Thursday, June 14, 2007

taste, memory

It's hot out tonight in a sticky, East-coast kind of way, and I miss New York. Tonight while I walked the dog, I pretended I was in Poughkeepsie. It isn't hard. The streets of my neighborhood are alive in the same way the streets of Po-town are alive. The only stores open are places you don't really want to go in, places that hold weird hours. Dudes sit on the street corners and call out to you in a friendly sort of way. You overhear all sorts of sounds--music from the cars or houses, kids you feel like might have better places to be. There are too many liquor stores. There aren't enough places to get fresh produce. Where I am is mostly Mexican, and in Poughkeepsie the dominant culture is an uneasy blend of Italian and West Indian (mostly Jamaican) in the city, and white folks in the town. At the farm market across form Vassar I'd sell tomatoes to old Italian mamas and to the lady who ran the Vietnamese restaurant, and to young families with food stamps, my teachers, my friends.

But if I were in Poughkeepsie right now I'd find a way to get across my favorite bridge



and steal my favorite adventure buddy

away from her job as farmer this farm.



We'd take the train down to the city, and does it ever need another name or an introduction, that city? Then we'd be in my favorite place, Grand Central, and we'd run downstairs and hop one of the express trains downtown to Union Square where we'd wander the Greenmarket and I'd probably still be able to get some of my favorite apples from someone's cold cellar. I'd buy nuts from one of the street vendors. We'd go to Dean and Deluca's (again), because it's my New York ritual and I have to. I mean (of course) the one on Price Street, so that afterward we could go to HousingWorks bookstore and Kate's Paperie, and of course we would not have wandered to Dean and Deluca's without stopping at my other New York ritual, The Strand where with any luck I could finally buy myself a used copy of Claudia Fleming's cookbook and if my Hamptons-house-having friends could host actually eat some Claudia Fleming dessert. Right now. But in New York I'd cut across the Village to the Haagen Daaz by Carmine street and begin wandering the West Village looking for McNulty's. I'd go to Brooklyn. Walk through Prospect Park with my friends. Eat at Sea, and go to the bar with the really good burlesque, and order a pint of Yuengling and then a pint of Lager and drink them slowly. I'd actually visit the Doughnut Plant. I'd go to Fabiane's for some chocolate mousse. I'd remember how the streets smell and how they feel. How it feels to go rushing around like there's always someplace better you have to be, how it feels to put on that stone mask a simple act like getting to work requires, how it feels to be on the train clacketying through the center platform, on your way somewhere, now.
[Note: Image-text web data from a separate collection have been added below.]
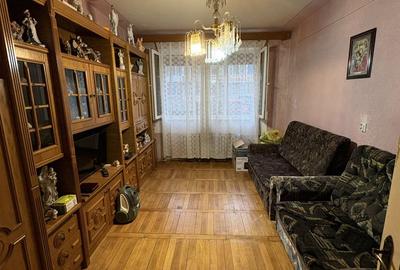 Garsonieră semidecomandată în 13 Decembrie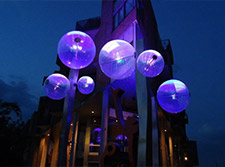 Bola de ETFE com iluminação LED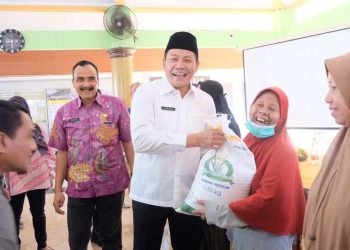 Bupati Sidoarjo.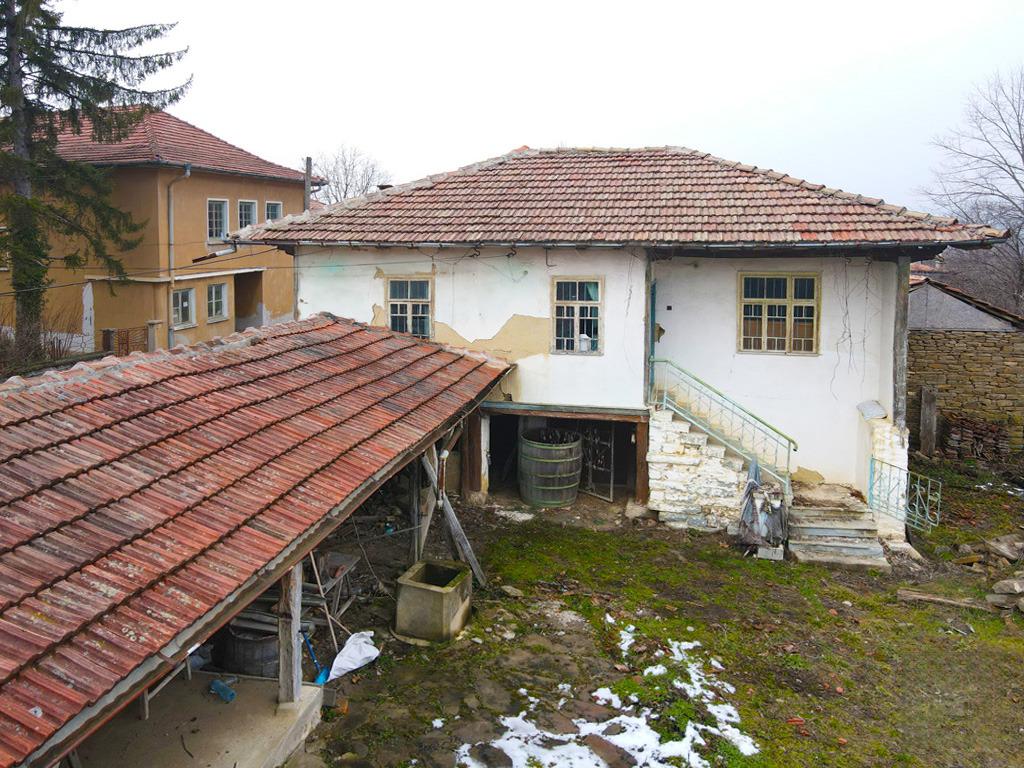 House for Sale in Kosarka, Gabrovo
How it feels to want so badly to be on your way somewhere. How it feels to be stuck.

I would ride the yellow trains all the way out to Coney Island and stand in that sand ditch, right at the point where the people are hidden and when you look straight ahead all you can see is sand and then ocean. The East Coast.

Maybe it's okay if someone else is doing these things right now. If some other girl is buying roasted nuts on her way home from work. If someone is having a pint with his buddy at Enid's or that black and red bar down by the L train. Some other cute baker is eating at North Fork tonight, or at Sea, or is just walking around listening to the crazy rush of New York and daydreaming of how the fog looks when it hangs low over the Golden Gate Bridge and it feels so good to be in the bright blue air and walking down Marina Blvd after a day of making cupcakes.



I've been doing lots of fiction-writing and it makes me introspective. But maybe it's just the heat, the way tonight feels like a thousand nights spent on the other side of the country.